Correio Braziliense, n. 20635, 21/11/2019. Política, p. 4

Toffoli: limite a repasse de dados

Renato Souza
Augusto Fernandes


O presidente do Supremo Tribunal Federal (STF), ministro Dias Toffoli, votou, ontem, no plenário da Corte, contra o compartilhamento de informações da Receita Federal com órgãos de fiscalização. O Fisco não poderá, no entendimento do magistrado, enviar documentos completos, como extratos bancários e declarações de Imposto de Renda, sem prévia autorização judicial. Ele se disse favorável, porém, ao repasse de dados da Unidade de Inteligência Financeira (UIF), antigo Coaf, a entidades como o Ministério Público Federal e a Polícia Federal, mas ressaltou que as informações não podem ser fornecidas sob demanda. Ou seja, o órgão investigador não pode solicitar, sem autorização judicial, a informação relativa a uma pessoa específica, mas apenas iniciar diligências quando recebe, de forma espontânea, uma comunicação de movimentação suspeita. Falta, ainda, o voto de 10 ministros. O julgamento será retomado hoje à tarde.

Toffoli é o relator de um recurso apresentado na Corte sobre o tema, e o voto dele é importante para nortear o entendimento dos demais integrantes do plenário. No entanto, até mesmo colegas da Corte ficaram confusos. O ministro Luís Roberto Barroso questionou a clareza do voto: “Tem que trazer um professor de javanês”, afirmou, numa referência ao livro O Homem que sabia javânes e outros contos, de Lima Barreto. Nos bastidores, ministros avaliaram que, até o fim do julgamento — se o voto de Toffoli prevalecer —, diversos marcos devem ser criados para evitar confusão nas instâncias inferiores. O voto do presidente do STF foi tão pouco claro que, após a sessão, ele enviou esclarecimentos à imprensa.

De acordo com a manifestação do ministro, em plenário, a UIF pode repassar apenas dados globais, ou seja, de movimentações anuais em contas bancárias, por exemplo, e não de transações detalhadas. Além disso, as informações podem embasar a abertura de investigações, mas não servir como prova em um processo. “O Coaf pode, sim, compartilhar informações, mas ele é uma unidade de inteligência, o que ele compartilha não pode ser usado como prova.
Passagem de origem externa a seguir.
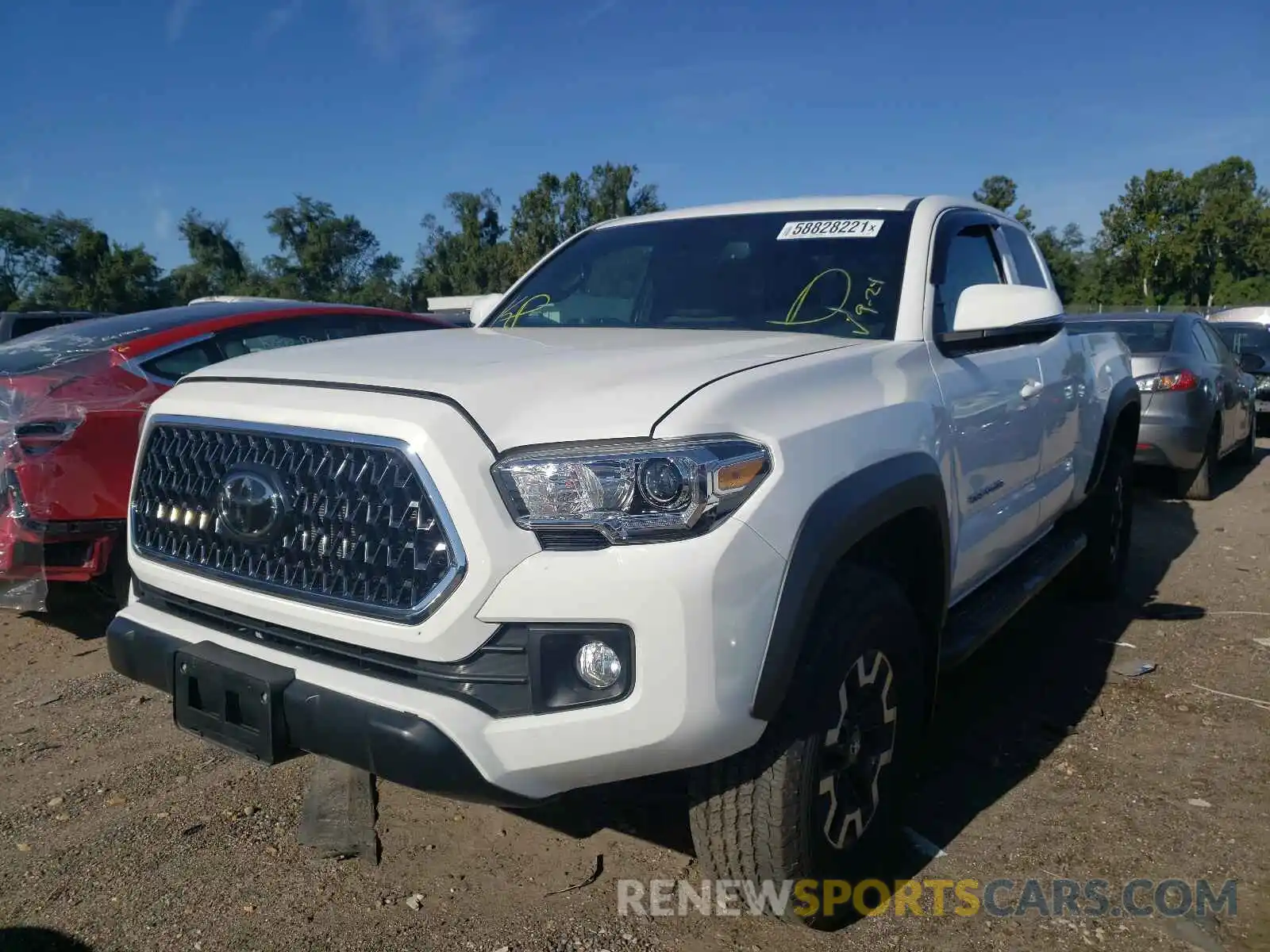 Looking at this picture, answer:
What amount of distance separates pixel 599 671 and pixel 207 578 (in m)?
1.10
É um meio de obtenção de prova, assim como a colaboração premiada. A colaboração premiada, por si só, não prova nada”, argumentou.

Toffoli também se justificou sobre ter solicitado à Receita dados fiscais de 600 mil contribuintes. A decisão foi revertida posteriormente, após o recebimento de informações solicitadas ao Fisco. “Quem aqui é contra o combate à lavagem de dinheiro? Temos de acabar com essas lendas urbanas, com caluniadores”, disse ele, em referências às críticas que recebeu.

MPF

No caso da Receita Federal, apesar de vetar o repasse de declaração do Imposto de Renda e de extratos bancários sem o aval da Justiça, o ministro não se opõe ao fornecimento de dados cadastrais, como nome, CPF e renda, sem a necessidade de autorização judicial.

O entendimento de Toffoli vai em desacordo com a manifestação do Ministério Público. O procurador-geral da República, Augusto Aras, avalia que restrições no intercâmbio das informações podem gerar graves danos à investigação criminal pelo país. No plenário do Supremo, ontem, ele defendeu que não há necessidade de prévia autorização judicial para que haja o compartilhamento de dados fiscais sigilosos entre órgãos fiscalizadores e as entidades de investigação.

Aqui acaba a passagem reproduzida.